Court upholds death penalty for killing of police officer
Aug 10, 2010
The California Supreme Court yesterday unanimously upheld the death sentence in the murder of a Manhattan Beach police officer.
Justice Kathryn M. Werdegar, writing for the court, rejected arguments that Los Angeles Superior Court Judge Stephen E. O’Neil, since deceased, allowed prosecutors to present an overly dramatized victim-impact case in support of the death penalty for Roger Hoan Brady.
Officer Martin Ganz, whose 12-year-old nephew was with him in his police vehicle on a department-approved “ride-along,” was shot to death after a traffic stop two days after Christmas 1993. Brady, who had moved to Oregon, was charged with the killing nine months later.
Brady, who had earlier served three years in prison for bank robbery, was also linked to other robberies, and to the killing of a potential witness after he robbed a supermarket in the Portland, Ore., area. Distribution of a drawing of the suspect in that shooting led to his being charged with the Ganz murder.
A .380-caliber handgun was seized from his residence by Oregon authorities, and subsequently determined to be the weapon used to kill Ganz.
He was convicted of aggravated murder in Oregon and sentenced to life imprisonment, then tried in Los Angeles Superior Court in Torrance, where jurors found him guilty of first degree murder with special circumstances of prior murder, killing a police officer engaged in the performance of official duties, and killing to avoid arrest.

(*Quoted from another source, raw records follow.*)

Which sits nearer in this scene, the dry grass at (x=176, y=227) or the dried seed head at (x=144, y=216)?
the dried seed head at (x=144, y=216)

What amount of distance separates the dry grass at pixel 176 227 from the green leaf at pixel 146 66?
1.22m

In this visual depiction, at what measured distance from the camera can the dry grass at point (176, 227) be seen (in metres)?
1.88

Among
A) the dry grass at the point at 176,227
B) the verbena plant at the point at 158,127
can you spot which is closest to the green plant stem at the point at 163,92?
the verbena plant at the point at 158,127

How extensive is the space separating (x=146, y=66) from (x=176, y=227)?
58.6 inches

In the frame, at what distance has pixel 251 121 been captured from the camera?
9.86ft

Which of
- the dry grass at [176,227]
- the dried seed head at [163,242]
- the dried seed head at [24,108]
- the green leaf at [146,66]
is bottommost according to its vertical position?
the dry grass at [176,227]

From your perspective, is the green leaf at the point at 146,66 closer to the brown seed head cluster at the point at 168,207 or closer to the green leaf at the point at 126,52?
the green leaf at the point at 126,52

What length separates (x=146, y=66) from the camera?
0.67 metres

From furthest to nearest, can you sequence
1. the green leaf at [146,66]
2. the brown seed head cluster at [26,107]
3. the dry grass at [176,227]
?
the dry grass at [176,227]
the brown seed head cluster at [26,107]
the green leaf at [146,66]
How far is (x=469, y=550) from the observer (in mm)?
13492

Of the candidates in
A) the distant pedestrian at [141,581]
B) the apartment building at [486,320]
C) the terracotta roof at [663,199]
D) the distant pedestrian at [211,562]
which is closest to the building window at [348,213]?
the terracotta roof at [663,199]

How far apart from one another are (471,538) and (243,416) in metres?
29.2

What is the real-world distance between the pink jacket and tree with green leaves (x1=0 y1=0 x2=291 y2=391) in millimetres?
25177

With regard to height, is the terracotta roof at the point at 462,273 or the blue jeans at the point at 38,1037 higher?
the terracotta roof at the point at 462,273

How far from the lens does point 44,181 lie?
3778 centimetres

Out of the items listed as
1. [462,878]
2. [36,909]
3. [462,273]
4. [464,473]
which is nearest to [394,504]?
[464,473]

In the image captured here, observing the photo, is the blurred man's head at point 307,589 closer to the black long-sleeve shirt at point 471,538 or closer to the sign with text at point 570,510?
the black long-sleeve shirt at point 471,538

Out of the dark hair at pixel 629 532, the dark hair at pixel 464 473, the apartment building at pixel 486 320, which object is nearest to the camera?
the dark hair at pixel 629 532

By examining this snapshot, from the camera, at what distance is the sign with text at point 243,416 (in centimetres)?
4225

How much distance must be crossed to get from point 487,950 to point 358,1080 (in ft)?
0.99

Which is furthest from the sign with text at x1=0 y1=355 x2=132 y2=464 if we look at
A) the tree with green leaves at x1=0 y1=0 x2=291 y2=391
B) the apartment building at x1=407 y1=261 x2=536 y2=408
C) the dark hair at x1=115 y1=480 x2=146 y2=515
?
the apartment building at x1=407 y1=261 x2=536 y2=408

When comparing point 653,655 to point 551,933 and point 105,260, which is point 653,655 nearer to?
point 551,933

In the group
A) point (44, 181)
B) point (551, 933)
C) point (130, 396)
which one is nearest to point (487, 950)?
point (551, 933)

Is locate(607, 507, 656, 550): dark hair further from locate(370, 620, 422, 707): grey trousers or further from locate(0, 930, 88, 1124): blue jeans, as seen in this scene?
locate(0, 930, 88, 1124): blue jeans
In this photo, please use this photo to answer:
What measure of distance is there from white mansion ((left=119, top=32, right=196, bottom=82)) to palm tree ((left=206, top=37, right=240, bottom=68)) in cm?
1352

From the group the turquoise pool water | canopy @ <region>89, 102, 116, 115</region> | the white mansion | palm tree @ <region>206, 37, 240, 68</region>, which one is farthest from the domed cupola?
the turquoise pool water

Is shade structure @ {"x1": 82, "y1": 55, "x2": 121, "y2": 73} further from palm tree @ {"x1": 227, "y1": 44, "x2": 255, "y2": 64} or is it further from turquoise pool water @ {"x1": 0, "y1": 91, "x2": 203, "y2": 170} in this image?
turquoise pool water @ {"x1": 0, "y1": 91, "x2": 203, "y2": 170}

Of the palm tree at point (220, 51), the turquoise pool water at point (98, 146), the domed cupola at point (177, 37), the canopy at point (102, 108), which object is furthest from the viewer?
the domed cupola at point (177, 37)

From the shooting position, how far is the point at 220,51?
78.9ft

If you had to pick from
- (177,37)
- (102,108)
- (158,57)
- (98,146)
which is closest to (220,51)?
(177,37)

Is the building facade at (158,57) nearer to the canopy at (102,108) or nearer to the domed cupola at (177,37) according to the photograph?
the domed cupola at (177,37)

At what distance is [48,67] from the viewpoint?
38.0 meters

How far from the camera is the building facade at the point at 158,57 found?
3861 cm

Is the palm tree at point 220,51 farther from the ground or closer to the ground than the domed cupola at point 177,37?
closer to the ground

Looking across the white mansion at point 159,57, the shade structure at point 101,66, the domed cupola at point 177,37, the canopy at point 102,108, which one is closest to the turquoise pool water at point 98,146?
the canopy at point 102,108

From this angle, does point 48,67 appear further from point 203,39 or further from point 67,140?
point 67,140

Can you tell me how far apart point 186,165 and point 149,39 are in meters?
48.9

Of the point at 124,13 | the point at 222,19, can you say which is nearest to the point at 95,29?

In the penalty phase, prosecutors presented evidence of Brady’s involvement in 20 robberies and attempted robberies of banks, markets, and a pharmacy, and of the impact Ganz’s killing had on his fiancée, relatives, and fellow officers.
The defense sought to counter that evidence by presenting testimony of Brady’s difficulties as the son of an American father, who served in Vietnam and later became an NBC correspondent based first in that country and later in Hong Kong, and a Vietnamese mother.
Roger Brady was addicted to crack cocaine, and his father testified that his son’s behavior was heavily influenced by his own substance abuse.
Jurors delivered a death penalty verdict. O’Neil denied the automatic motion to modify the verdict and imposed the death sentence in 1998.
Werdegar said the victim-impact testimony and use of videotapes of the officer’s family Christmas celebration and of his funeral and memorial services, while emotional, did not exceed the appropriate limits of victim-impact testimony.
“To the extent defendant further contends that particular portions of the officers’ courtroom testimony were overly emotional and thus prejudicially inflammatory, defendant did not object nor did he request the trial court to give the witnesses some time to compose themselves, consequently forfeiting the issue on appeal,” the jurist wrote.
Werdegar also rejected the contention that the prosecutor made an improper racial remark by referring to Brady in argument as a “Bengal tiger.” The record, the justice said, places the remark in its proper context, which is that the prosecutor was contrasting the defendant’s docile appearance in court with his violent and criminal actions “in less controlled circumstances.”
The case was argued in the high court by court-appointed attorney Susan K. Marr of Brentwood, Tenn., for the defendant and Deputy Attorney General Noah P. Hill of Los Angeles for the prosecution.
The case is People v. Brady, 10 S.O.S. 4624.